Shinigami and Apples - Editorial

Prerequisites : DP , Maths

Difficulty : Medium

Expected Complexity : O(N*M + T).

Editorial :

The very first thing to observe is that since each of the apple received is distinct , one of the ways is surely going to be of the form : a1 < a2 < a3 < … < an , where ai denotes apples received by ith shinigami. If we find the number of ways to arrange this , we can multiply this by N! to find all possible distinct ways. So our problem reduces to finding the number of ways to distribute M apples such that a1 + a2 + a3 + … + an = M and 0 < a1 < a2 < … < an.

Let’s rewrite each ai as ai = a(i-1) + 1 + yi , where yi >= 0.

a1 = 1 + y1;

a2 = a1 + 1 + y2;

a3 = a2 + 1 + y3;

…

an = a(n-1) + 1 + yn;

Replacing all a(i-1) in ai , we get :

a1 = 1 + y1;

a2 = 2 + y1 + y2;

a3 = 3 + y1 + y2 + y3;

…

an = n + y1 + y2 + … + yn;

summation of all ai = 1 + 2 + 3 + … + n + n*y1 + (n-1) * y2 + (n-2) * y3 + … yn;

renaming our yi as y(n-i+1) , we can get :

sum = n*(n+1)/2 + summation i*yi;

M - n*(n+1)/2 = summation i*yi;

now if lhs < 0 , then answer is 0.

otherwise K = summation i*yi , where yi >= 0;

we can easily solve this using the recurrence : solve(i,K) = solve(i-1,K) + solve(i,K-i).

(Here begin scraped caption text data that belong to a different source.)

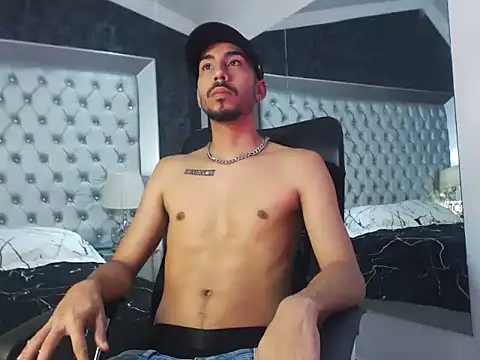 JhosuaCollins  online show from 09/24/25, 04:32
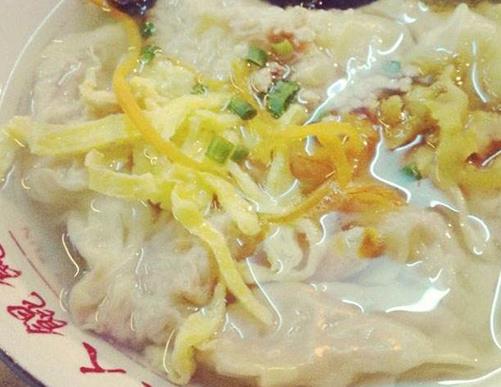 溫州五馬街必吃美食排名,府學(xué)巷三姐妹糯米飯的美味無(wú)法拒絕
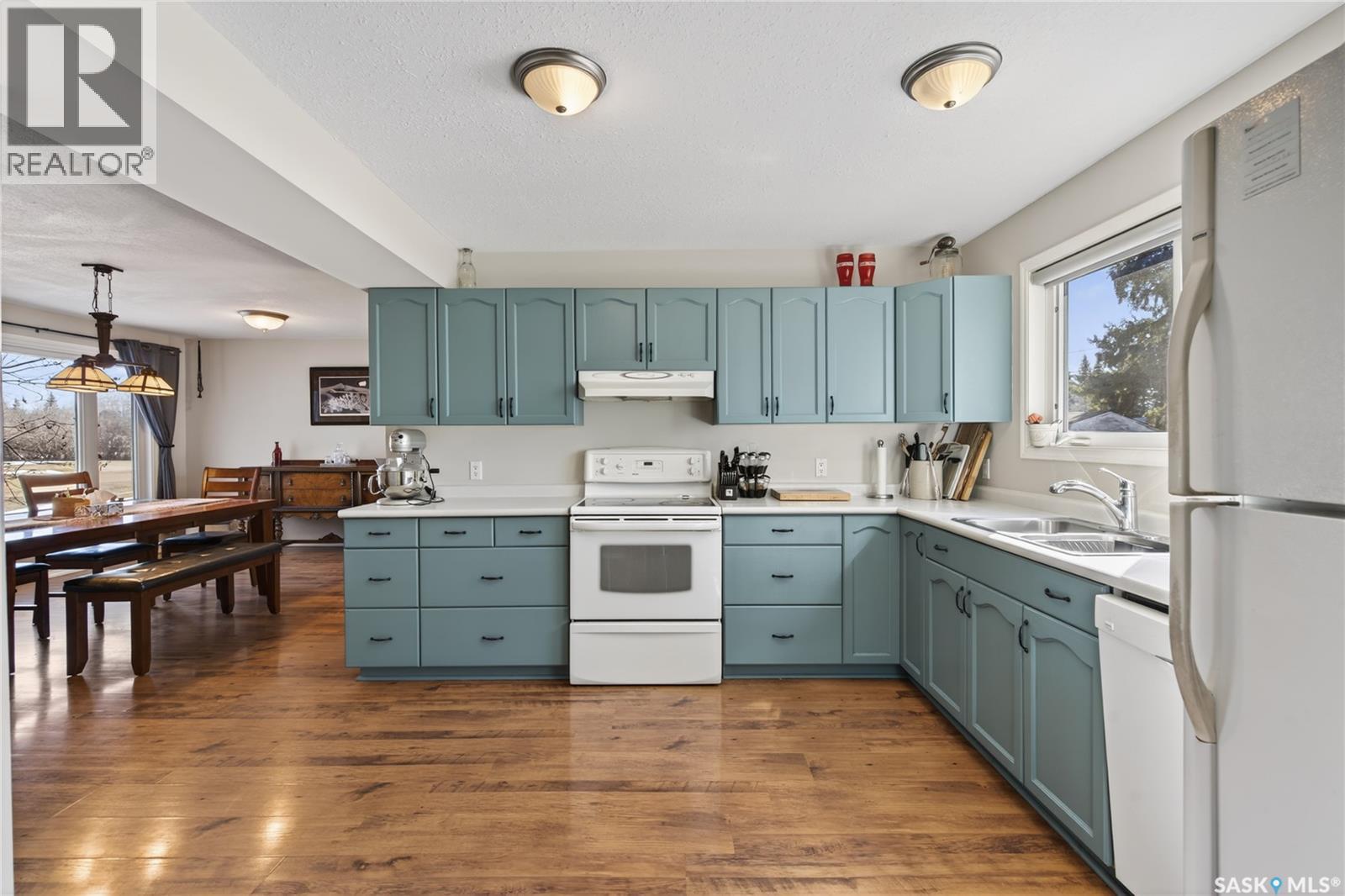 149 2nd AVENUE S - 3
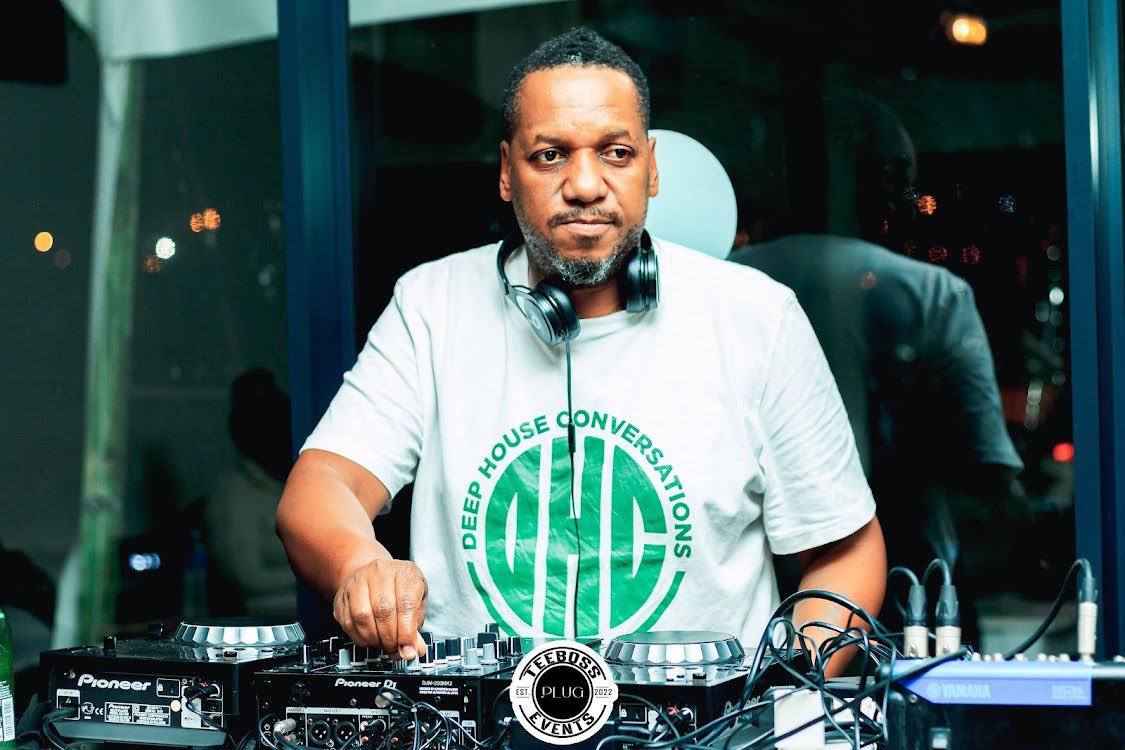 shadowswaziboy's tweet photo. Today we have a full buffet for you,Good music by @CrooksSwaziboy and his friends,choice of good food from our kitchen and Makoti for the traditional food and then lastly the Champions League Final on big screen. All @sundeckmanzini #letsdeck https://t.co/4VwkE10kD0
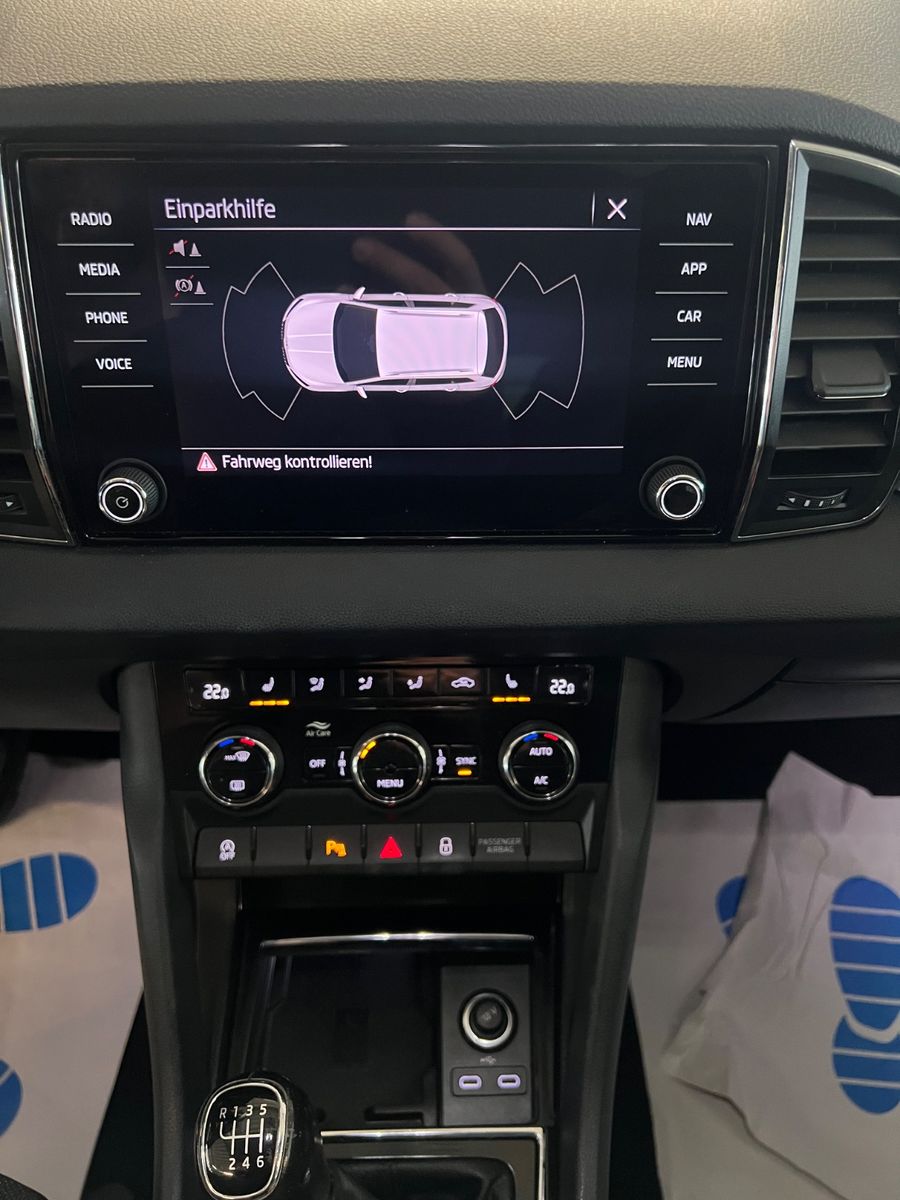 Fahrzeugabbildung SKODA Karoq Clever *4x SITZHEIZUNG*BEHEIZBARES LENKRAD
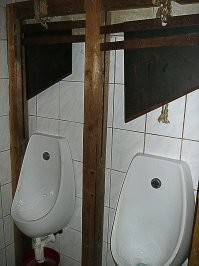 Туалет с интересными дизайнами кабинок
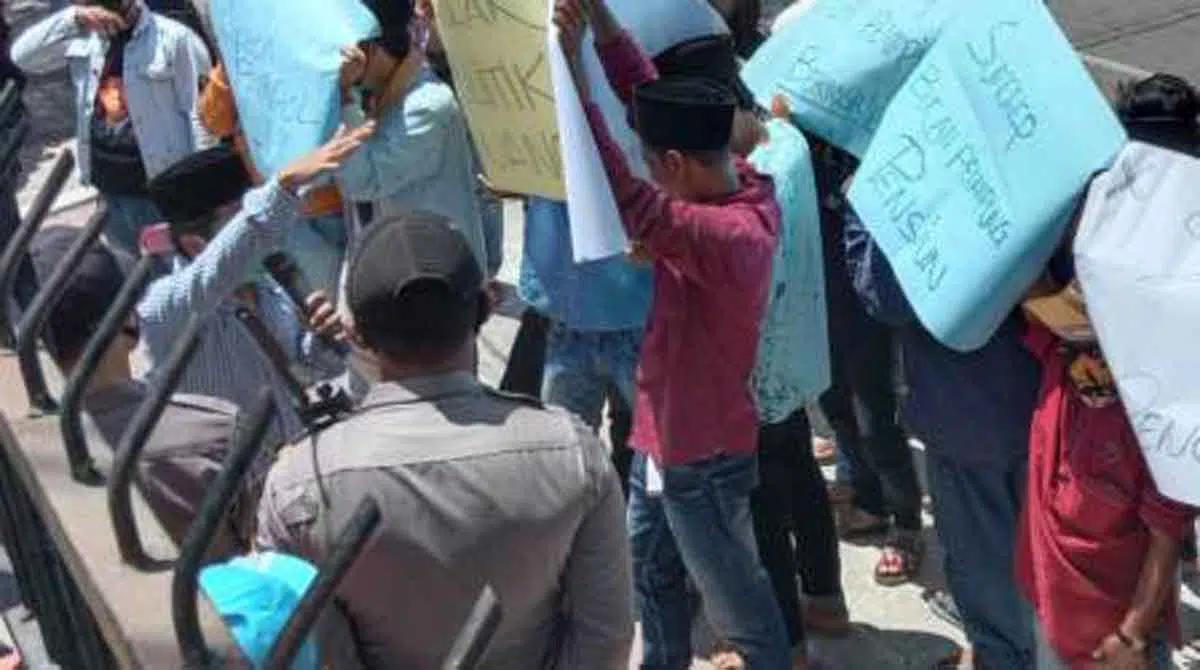 SAKU Demo DPRD Sumenep (Foto. Taufikurrahman @portalmadura.com)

In short, the answer is : N! * solve(n , m - n(n+1)/2).*

Hi

Thanks for the editorial. I am unable to understand the solve function you used. I was stuck on that part for about half of the contest time. can you please elaborate your recurrence part of solution.

thanks

Hi, sorry for the late reply. Let’s suppose you have to find the number of ways to partition a number “X” such that y1 + (2 * y2) + (3 * y3) + … (n * yn) = X , and all yi >= 0. The states of our dp is (i,k) which denotes that we have to partition for all yj (j <= i) the sum left to partition is k. Our transitions are :

1. (i , k) -> (i - 1 , k) : We can add 0 to the current yi and move to solve the problem for (i-1 , k).
2. (i , k) -> (i , k - i) : Suppose we try to add 1 to the current yi , then its contribution in the sum would be i * 1 = i. So the sumleft would be current sum - i.